Given entries
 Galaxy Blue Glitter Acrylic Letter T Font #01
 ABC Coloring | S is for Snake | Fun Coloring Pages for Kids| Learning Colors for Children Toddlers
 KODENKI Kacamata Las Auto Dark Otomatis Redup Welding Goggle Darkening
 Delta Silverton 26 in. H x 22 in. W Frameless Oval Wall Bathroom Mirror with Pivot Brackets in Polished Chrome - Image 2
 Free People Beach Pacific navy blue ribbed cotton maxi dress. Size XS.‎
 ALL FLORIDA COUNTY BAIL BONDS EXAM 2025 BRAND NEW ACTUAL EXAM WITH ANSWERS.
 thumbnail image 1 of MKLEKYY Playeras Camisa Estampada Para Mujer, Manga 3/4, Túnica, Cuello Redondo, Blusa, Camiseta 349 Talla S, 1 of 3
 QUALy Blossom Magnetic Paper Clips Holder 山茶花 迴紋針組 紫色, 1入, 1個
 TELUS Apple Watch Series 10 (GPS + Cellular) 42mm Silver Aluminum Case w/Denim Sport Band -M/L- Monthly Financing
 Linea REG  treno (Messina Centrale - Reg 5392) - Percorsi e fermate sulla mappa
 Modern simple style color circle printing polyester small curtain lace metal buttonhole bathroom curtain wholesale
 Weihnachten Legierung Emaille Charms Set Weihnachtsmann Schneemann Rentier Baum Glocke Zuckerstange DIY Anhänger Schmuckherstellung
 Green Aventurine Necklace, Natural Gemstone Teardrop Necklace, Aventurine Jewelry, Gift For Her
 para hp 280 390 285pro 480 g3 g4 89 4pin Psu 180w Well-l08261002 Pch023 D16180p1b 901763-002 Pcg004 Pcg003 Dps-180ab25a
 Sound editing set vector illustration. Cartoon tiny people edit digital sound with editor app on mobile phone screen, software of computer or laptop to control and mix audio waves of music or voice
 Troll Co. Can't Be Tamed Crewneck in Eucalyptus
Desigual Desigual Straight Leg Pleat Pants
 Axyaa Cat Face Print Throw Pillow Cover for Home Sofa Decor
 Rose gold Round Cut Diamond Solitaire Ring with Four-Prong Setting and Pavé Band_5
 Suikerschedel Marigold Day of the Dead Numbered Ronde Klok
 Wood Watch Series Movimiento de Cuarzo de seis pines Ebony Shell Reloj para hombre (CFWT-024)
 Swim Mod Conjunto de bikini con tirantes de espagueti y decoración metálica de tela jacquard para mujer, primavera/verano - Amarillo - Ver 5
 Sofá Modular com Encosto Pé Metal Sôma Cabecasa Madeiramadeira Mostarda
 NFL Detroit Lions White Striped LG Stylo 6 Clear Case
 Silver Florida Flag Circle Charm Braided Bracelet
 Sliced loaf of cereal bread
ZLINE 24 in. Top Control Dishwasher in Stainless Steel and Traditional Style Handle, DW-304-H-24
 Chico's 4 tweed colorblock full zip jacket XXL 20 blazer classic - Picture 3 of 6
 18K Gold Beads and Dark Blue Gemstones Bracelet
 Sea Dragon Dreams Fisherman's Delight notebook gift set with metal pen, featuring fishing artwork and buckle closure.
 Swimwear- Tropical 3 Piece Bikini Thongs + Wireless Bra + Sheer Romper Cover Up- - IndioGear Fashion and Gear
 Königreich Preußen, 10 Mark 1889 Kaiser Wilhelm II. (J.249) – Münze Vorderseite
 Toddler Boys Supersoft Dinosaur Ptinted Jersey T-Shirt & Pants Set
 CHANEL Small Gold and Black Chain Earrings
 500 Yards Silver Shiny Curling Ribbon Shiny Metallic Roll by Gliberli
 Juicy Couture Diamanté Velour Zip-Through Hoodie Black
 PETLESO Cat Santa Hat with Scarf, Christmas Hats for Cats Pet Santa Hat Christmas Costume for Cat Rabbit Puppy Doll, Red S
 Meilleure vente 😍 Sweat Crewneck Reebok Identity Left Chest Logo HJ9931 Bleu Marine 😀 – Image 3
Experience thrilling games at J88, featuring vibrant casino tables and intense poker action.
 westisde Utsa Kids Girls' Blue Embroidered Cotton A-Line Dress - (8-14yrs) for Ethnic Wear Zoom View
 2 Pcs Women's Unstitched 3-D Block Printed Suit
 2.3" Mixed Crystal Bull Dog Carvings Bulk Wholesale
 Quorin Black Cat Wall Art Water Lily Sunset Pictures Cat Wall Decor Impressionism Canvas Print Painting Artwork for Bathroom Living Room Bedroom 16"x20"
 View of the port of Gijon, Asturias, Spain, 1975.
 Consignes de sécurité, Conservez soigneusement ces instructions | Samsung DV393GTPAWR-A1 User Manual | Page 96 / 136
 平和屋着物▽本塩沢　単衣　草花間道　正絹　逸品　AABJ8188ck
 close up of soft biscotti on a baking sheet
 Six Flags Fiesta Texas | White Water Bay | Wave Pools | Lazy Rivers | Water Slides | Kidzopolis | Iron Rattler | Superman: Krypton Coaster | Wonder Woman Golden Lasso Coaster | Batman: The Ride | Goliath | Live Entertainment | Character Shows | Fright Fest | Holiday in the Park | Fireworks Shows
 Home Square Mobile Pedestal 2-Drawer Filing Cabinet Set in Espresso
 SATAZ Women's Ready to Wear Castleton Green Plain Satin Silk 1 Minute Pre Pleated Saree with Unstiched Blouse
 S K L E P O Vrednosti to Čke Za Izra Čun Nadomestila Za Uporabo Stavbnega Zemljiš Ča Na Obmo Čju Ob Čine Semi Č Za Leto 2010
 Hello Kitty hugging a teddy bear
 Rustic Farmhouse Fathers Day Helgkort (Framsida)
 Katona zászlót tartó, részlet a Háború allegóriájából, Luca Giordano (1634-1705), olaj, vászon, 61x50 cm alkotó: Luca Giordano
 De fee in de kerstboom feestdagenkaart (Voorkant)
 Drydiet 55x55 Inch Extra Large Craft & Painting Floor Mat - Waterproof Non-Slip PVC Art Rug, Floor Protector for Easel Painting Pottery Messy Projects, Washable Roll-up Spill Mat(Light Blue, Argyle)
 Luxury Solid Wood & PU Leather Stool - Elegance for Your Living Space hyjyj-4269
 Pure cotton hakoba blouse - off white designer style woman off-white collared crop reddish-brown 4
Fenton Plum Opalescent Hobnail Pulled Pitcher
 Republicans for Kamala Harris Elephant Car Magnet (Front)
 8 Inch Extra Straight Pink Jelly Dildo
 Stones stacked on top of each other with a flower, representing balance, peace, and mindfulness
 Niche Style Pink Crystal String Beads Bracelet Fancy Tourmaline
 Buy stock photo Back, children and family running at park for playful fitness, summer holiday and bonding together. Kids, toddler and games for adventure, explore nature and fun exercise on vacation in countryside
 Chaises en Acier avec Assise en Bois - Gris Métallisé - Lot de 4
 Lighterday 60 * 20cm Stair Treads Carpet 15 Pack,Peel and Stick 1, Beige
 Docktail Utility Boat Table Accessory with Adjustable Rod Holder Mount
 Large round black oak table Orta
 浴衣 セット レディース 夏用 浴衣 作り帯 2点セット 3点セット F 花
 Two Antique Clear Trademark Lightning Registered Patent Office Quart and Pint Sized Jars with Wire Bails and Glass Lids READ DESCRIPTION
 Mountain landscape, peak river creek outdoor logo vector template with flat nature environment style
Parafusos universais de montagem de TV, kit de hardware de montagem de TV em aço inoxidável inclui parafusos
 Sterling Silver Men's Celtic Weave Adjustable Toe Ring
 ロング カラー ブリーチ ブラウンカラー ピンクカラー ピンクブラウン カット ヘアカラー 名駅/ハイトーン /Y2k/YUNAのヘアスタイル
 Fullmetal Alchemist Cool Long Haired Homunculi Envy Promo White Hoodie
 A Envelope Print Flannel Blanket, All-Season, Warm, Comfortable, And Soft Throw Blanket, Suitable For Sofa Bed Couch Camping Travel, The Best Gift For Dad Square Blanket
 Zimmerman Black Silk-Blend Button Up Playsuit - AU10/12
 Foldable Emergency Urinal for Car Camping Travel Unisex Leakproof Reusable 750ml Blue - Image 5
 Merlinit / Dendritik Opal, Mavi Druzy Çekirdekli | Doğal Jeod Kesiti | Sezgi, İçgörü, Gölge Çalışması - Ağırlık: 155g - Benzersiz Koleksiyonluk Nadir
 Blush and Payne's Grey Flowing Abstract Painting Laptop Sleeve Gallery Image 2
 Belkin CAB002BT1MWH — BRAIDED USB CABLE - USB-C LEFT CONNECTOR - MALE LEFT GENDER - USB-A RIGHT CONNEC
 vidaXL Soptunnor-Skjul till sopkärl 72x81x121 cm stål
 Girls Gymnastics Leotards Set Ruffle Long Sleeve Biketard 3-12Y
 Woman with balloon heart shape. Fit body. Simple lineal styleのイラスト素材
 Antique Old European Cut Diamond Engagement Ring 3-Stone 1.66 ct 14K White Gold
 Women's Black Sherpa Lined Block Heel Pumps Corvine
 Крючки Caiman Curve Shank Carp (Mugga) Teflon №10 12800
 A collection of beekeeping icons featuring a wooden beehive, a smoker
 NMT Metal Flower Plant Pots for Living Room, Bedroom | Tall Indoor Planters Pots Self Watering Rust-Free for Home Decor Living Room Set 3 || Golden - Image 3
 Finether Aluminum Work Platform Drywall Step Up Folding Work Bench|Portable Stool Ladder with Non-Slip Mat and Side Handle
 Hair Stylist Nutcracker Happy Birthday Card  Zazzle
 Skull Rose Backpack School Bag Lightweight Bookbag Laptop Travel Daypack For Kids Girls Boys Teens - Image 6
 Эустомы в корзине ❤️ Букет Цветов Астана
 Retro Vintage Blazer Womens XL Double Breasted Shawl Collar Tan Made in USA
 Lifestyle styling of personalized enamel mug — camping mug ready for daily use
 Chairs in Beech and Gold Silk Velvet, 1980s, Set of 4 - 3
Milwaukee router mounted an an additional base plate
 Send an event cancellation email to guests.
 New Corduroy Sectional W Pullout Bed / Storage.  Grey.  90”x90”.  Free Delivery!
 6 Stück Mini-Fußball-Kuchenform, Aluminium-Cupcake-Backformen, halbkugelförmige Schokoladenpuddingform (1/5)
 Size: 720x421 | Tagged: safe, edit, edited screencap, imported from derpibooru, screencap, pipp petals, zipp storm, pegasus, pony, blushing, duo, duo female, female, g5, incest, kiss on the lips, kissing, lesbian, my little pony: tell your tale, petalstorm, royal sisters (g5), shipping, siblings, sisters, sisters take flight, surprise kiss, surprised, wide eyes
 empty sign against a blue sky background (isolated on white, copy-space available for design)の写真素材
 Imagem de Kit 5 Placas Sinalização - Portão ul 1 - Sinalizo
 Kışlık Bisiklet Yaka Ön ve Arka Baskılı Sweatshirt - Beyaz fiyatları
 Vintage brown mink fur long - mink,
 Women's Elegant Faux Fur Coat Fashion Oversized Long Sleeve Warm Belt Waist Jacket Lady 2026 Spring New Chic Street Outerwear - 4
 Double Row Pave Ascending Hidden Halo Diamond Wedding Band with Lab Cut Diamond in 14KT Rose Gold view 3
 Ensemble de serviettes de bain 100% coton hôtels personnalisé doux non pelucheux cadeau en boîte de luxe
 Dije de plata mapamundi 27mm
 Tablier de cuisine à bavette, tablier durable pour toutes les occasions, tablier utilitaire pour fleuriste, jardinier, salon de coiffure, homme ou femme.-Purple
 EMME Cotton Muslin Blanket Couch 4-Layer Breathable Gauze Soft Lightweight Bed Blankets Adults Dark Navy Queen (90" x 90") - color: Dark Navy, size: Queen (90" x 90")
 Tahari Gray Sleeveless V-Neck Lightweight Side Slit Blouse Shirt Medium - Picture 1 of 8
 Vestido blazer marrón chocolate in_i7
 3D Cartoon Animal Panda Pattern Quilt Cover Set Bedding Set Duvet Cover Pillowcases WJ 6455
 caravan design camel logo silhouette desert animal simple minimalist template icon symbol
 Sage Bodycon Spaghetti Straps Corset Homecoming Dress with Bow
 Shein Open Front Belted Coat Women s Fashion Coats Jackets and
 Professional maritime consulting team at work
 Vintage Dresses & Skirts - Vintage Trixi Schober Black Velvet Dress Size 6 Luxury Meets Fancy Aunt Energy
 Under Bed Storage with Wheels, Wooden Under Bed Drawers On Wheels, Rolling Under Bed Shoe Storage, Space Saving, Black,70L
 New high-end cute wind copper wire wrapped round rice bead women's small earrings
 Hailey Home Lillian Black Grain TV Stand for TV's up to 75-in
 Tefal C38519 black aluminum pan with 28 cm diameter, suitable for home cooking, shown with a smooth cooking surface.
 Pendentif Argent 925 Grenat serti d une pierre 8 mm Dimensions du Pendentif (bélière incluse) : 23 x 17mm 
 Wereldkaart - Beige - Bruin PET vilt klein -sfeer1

Exercise requirements
The lines you need run from the one containing "Hailey Home Lillian" to the end of the listing. Output exactly those, both ends included.

Result
 Hailey Home Lillian Black Grain TV Stand for TV's up to 75-in
 Tefal C38519 black aluminum pan with 28 cm diameter, suitable for home cooking, shown with a smooth cooking surface.
 Pendentif Argent 925 Grenat serti d une pierre 8 mm Dimensions du Pendentif (bélière incluse) : 23 x 17mm 
 Wereldkaart - Beige - Bruin PET vilt klein -sfeer1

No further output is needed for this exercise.